_WORK INSTRUCTION_
All that should come back is the lines of the data below from the one containing "关怀员工父母，为员工父母设置关怀金制度" to the one containing "穷人的孩子早当家!全红婵重点高中种冠军树,培土浇水干活干净利落", inclusive, exactly as they stand.

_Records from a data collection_

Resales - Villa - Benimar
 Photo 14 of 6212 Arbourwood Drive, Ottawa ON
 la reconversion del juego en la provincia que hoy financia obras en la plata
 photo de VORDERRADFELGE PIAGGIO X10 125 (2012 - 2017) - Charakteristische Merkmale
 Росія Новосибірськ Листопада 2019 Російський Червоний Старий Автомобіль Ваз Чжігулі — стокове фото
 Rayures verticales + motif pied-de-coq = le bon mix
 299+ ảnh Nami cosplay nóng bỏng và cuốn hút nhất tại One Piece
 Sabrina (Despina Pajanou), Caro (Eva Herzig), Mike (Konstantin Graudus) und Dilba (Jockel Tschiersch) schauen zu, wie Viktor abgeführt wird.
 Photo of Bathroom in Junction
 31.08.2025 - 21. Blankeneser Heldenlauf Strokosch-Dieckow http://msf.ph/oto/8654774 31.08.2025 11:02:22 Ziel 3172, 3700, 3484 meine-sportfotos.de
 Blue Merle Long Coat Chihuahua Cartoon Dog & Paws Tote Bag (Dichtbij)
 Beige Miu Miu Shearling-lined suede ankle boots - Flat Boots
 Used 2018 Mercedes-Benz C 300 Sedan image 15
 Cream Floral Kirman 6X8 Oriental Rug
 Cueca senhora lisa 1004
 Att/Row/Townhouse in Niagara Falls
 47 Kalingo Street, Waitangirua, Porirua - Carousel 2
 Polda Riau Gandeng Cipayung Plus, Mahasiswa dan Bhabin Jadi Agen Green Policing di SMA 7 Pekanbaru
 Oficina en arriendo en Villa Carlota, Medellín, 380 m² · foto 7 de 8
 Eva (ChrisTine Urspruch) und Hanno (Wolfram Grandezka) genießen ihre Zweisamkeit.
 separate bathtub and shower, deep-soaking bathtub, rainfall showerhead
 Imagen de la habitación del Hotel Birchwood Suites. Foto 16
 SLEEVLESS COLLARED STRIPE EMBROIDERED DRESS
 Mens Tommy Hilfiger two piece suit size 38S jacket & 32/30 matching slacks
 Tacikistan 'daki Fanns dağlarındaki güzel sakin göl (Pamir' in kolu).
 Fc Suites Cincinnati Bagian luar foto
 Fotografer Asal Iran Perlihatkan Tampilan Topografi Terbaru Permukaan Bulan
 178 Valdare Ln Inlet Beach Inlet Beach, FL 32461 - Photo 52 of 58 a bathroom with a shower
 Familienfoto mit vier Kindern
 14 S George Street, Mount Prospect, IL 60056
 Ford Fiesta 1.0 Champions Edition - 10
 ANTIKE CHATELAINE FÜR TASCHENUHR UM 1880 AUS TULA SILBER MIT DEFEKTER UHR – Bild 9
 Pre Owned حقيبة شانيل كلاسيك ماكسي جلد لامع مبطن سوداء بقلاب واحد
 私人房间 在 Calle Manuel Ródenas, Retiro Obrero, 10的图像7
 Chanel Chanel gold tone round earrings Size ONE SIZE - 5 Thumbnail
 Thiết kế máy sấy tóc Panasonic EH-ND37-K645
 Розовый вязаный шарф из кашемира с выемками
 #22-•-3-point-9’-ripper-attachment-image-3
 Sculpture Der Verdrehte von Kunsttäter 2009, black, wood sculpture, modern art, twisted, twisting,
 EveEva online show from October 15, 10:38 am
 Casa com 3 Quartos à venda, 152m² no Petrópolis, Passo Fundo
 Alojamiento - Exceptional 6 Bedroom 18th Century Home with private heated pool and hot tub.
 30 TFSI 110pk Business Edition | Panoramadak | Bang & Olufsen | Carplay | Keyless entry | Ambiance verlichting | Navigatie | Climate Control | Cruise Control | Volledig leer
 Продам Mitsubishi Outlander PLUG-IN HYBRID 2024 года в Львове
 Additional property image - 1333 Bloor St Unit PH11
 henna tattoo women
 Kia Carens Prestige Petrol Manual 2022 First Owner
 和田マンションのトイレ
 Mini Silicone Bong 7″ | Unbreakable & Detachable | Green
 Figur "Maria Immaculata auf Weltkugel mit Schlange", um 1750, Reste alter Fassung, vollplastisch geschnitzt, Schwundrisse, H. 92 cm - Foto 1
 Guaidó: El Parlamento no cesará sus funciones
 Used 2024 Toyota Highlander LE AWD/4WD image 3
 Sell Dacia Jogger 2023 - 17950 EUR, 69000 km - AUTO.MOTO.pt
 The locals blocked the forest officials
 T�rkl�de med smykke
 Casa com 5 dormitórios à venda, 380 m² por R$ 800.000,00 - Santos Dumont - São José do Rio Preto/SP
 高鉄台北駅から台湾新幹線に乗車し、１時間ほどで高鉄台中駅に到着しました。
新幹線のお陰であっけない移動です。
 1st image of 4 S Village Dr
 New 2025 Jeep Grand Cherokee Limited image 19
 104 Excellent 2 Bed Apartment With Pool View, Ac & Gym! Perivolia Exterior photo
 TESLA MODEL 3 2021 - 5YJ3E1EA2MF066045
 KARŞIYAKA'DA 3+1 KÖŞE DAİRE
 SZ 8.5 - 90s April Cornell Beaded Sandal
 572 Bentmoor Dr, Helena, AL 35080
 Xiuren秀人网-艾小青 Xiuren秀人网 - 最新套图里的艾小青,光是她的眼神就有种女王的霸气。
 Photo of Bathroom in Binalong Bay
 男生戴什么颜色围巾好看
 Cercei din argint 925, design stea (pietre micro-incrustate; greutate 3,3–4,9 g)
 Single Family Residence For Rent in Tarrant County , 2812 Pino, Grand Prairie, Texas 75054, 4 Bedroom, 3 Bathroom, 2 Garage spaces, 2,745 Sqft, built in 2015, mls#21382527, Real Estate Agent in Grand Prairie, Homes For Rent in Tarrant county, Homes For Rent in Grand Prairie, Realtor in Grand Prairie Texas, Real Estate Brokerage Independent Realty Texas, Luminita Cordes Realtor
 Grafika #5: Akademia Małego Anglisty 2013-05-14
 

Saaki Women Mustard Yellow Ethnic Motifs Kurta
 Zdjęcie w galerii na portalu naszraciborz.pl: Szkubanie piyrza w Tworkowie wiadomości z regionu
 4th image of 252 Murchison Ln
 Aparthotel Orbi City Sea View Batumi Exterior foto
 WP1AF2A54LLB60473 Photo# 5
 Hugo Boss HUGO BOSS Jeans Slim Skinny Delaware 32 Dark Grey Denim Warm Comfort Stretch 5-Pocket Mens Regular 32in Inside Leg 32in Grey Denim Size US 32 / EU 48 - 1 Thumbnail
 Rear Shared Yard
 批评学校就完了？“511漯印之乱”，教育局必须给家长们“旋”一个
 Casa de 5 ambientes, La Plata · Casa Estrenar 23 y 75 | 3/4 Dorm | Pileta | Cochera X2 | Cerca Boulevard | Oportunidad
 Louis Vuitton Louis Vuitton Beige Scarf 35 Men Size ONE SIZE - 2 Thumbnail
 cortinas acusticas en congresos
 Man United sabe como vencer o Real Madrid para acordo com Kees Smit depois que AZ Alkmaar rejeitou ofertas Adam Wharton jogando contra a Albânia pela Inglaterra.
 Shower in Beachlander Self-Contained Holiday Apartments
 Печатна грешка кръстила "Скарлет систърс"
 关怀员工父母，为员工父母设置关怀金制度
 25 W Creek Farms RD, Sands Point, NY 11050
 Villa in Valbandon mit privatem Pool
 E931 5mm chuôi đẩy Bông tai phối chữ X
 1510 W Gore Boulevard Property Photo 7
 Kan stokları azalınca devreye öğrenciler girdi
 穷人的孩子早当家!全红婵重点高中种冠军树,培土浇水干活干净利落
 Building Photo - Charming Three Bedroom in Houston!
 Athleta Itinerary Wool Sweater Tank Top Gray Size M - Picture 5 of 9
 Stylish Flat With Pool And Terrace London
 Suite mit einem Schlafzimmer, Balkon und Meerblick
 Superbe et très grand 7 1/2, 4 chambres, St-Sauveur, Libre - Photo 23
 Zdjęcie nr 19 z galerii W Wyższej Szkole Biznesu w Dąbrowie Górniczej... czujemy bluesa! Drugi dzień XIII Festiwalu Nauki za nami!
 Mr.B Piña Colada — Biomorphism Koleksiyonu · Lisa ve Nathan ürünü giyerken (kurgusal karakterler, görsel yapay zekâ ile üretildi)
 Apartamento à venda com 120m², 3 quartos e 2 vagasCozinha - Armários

_SOLUTION TO THE PROBLEM_
 关怀员工父母，为员工父母设置关怀金制度
 25 W Creek Farms RD, Sands Point, NY 11050
 Villa in Valbandon mit privatem Pool
 E931 5mm chuôi đẩy Bông tai phối chữ X
 1510 W Gore Boulevard Property Photo 7
 Kan stokları azalınca devreye öğrenciler girdi
 穷人的孩子早当家!全红婵重点高中种冠军树,培土浇水干活干净利落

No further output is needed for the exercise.